Because the other thing is that collective freedom, which I feel like these guarantees are embedded in. This is what it means to be a person. We are fundamentally interconnected, interdependent animals. We're not sea turtles where Mom lays some eggs and then is like, "Peace out, watch out for the seagulls," and you just hatch and then you race to the ocean to see if you're going to make it right. We are born completely helpless, and we are raised. In no context are we People who access food, shelter, care, whatever, on our own. We need each other for that. And we all go through stages in our lives where we are on and different parts of the giving and receiving where we're giving a more or receiving more, but we're all doing all of those things.

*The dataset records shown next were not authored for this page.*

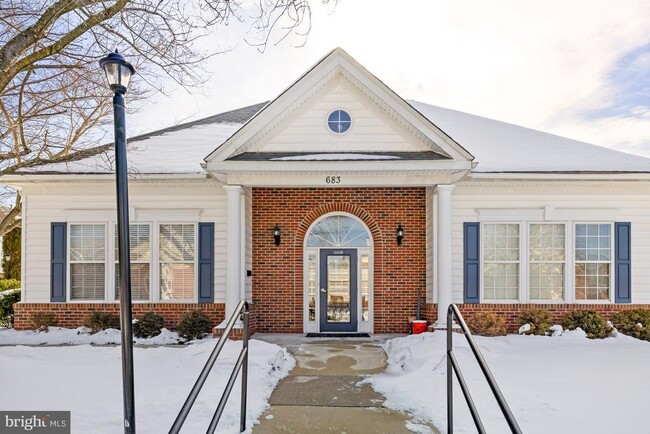 Building Photo - 521 Constellation Square SE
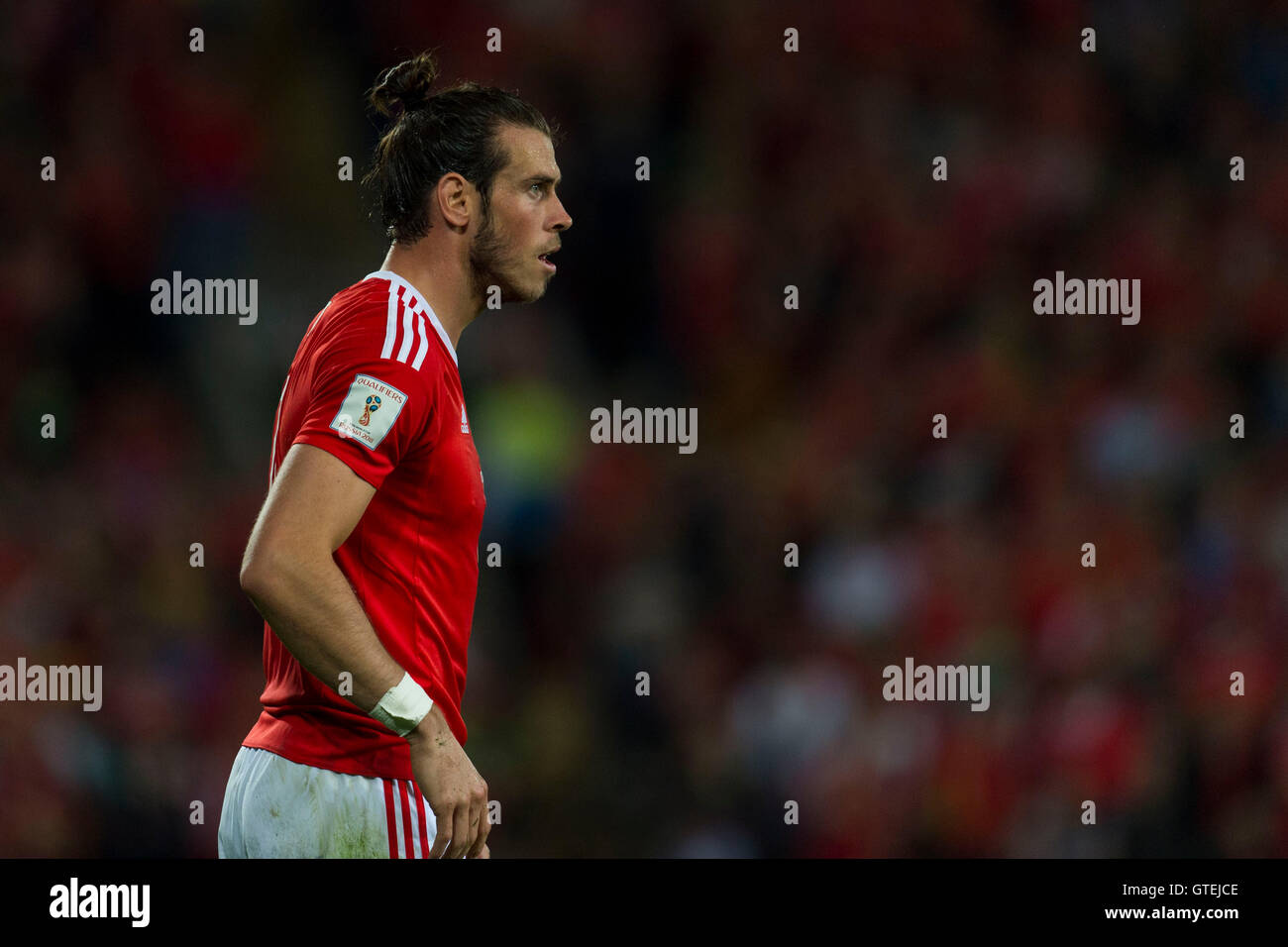 Footballeur gallois Gareth Bale en action pour l'équipe de football du Pays de Galles. Banque D'Images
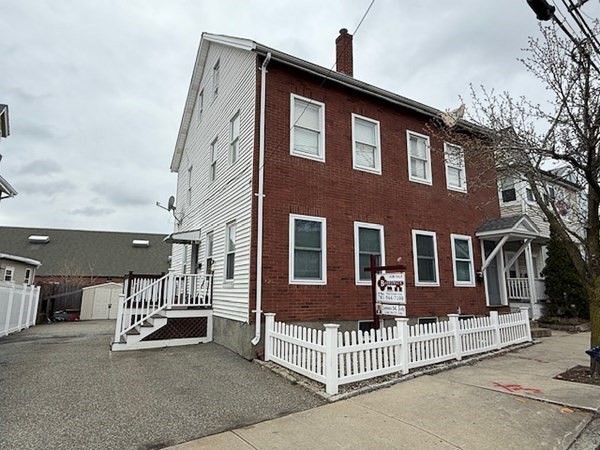 24 Clinton St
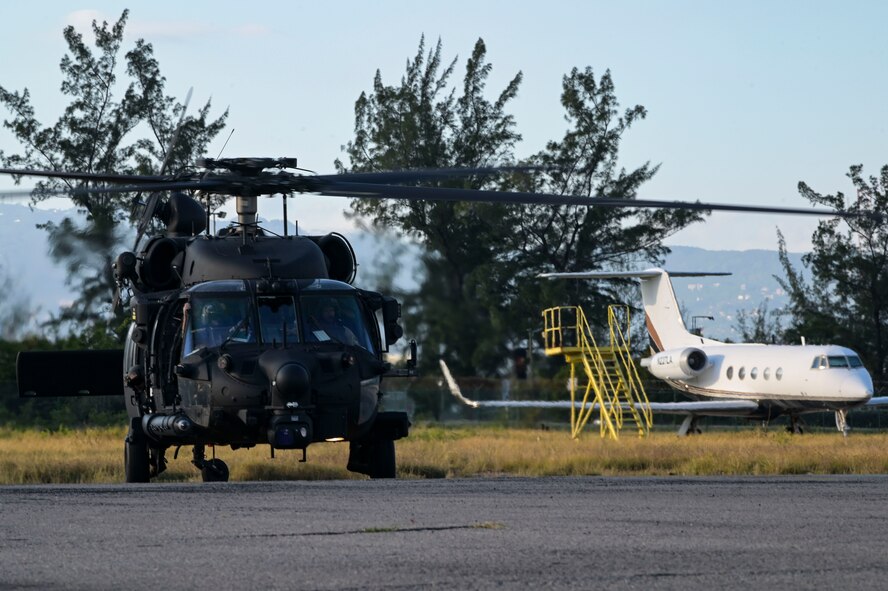U.S. Army Soldiers assigned to the 7th Special Forces Group conduct landing procedures on an MH-60M Black Hawk helicopter, assigned to the 160th Special Operations Aviation Regiment, during exercise Tropical Dagger at Kingston, Jamaica, Feb. 22, 2024.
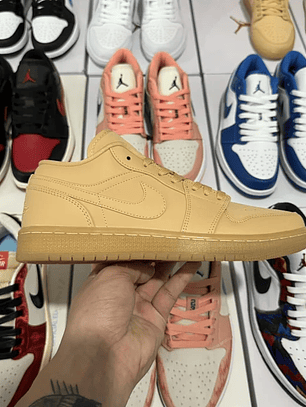 AJ1 LOW Pale Vanilla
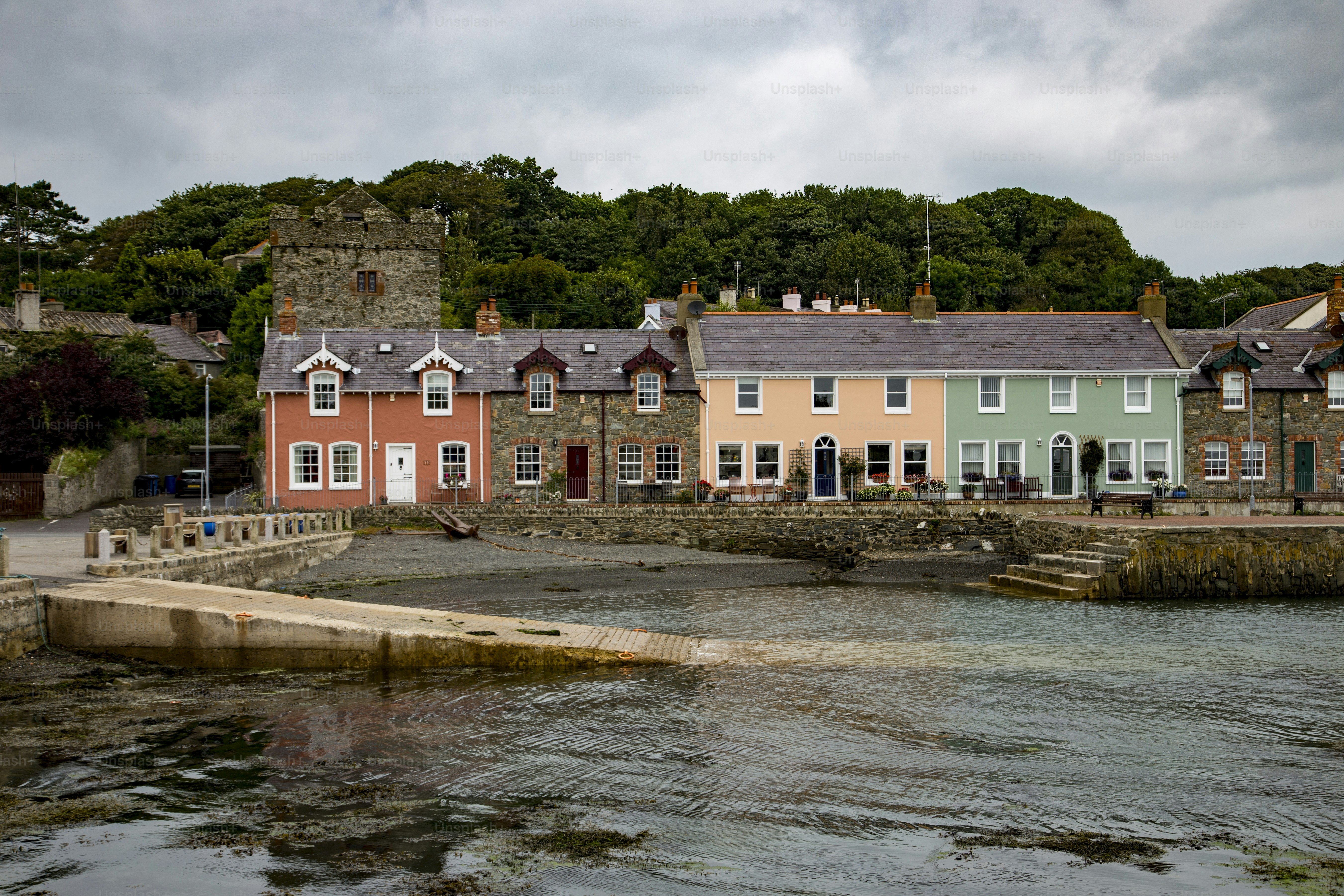 Una hermosa escena de casas de colores a la orilla del mar de Strangford en  Irlanda del Norte foto – Imagen de Casa en Unsplash, image size:3000x2000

And that is what it means to be human, to be cared for, and to be receiving care. So the other thing is that as I think about, or I talk about the idea of living in a society where all of our needs are tended to so we can live a life of well-being, I'm like, "That's what it means to be a person. So I'm just inviting us to return to something that we all already know." And I think that that's the other thing that helps people move from this place of the protection of cynicism to something where they are... The vulnerability of imagination and dreaming.

Darren Isom:

And I hold on to all the time, the quote, "Cynicism is a form of obedience." And I think that it requires us to really think differently about the space in the world. One of the things that I admire most about you and why I enjoy so much of our conversations is there is an understood joyfulness in the conversations. I've realized in the last year or so over the last few years, maybe something that's always been true, but I've never really thought of myself as an optimist. I've always thought of myself as a cynic, but as I get older, I realize how actual optimistic I am about all things. I think it's going to get worse before they get better, but they will get better. And that for me is the definition of looking into the future, thinking about what we're trying to create.

Mia Birdsong:

Yeah.

Darren Isom:

I would love for you to share what fuels you to live in this hopeful and joyful state in the midst of everything going on around us because the world is a mess right now. It's a hot mess for sure.

Mia Birdsong:

In many ways, I'm constitutionally an optimist, but I also have chosen to be an optimist. I think in my late teens and early to mid-twenties, I definitely practiced a kind of cynicism. It was a cynicism that I thought made me sound smarter, critiquing, poo-pooing things. There's a way in which I was like, "That makes me sound like I know what I'm talking about. It makes me smart." And then again, I also think there's a way in which cynicism is kind of protection. It means I'm not going to be disappointed. It means when things stay shitty, I'm like, "I expected that already. Of course they did." And optimism requires a kind of vulnerability. I have to be willing to have my heart broken over and over again. I have to be willing to believe that something that I have never experienced or don't have my own model for, that we can figure it out.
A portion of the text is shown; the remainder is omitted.